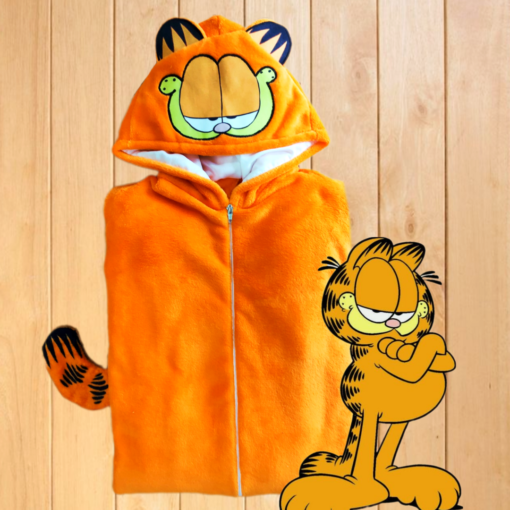 KIGURUMI GARFIELD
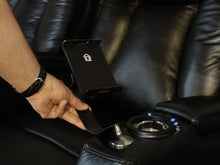 Load image into Gallery viewer, HT Design Theater Seating Tablet Holder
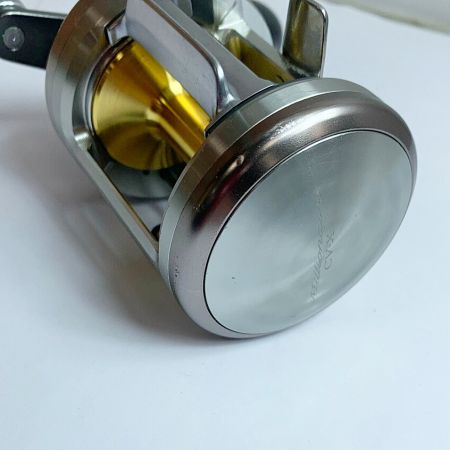  DAIWA ダイワ ミリオネアCV-X 300　両軸リール　ハンドルシマノ製　本体のみ ﾐﾘｵﾈｱCV-X 300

########################################

The data should be printed again unchanged; leave its pictures out.

→ **EXERCISE RESULT**:
 KIGURUMI GARFIELD
 Load image into Gallery viewer, HT Design Theater Seating Tablet Holder
  DAIWA ダイワ ミリオネアCV-X 300　両軸リール　ハンドルシマノ製　本体のみ ﾐﾘｵﾈｱCV-X 300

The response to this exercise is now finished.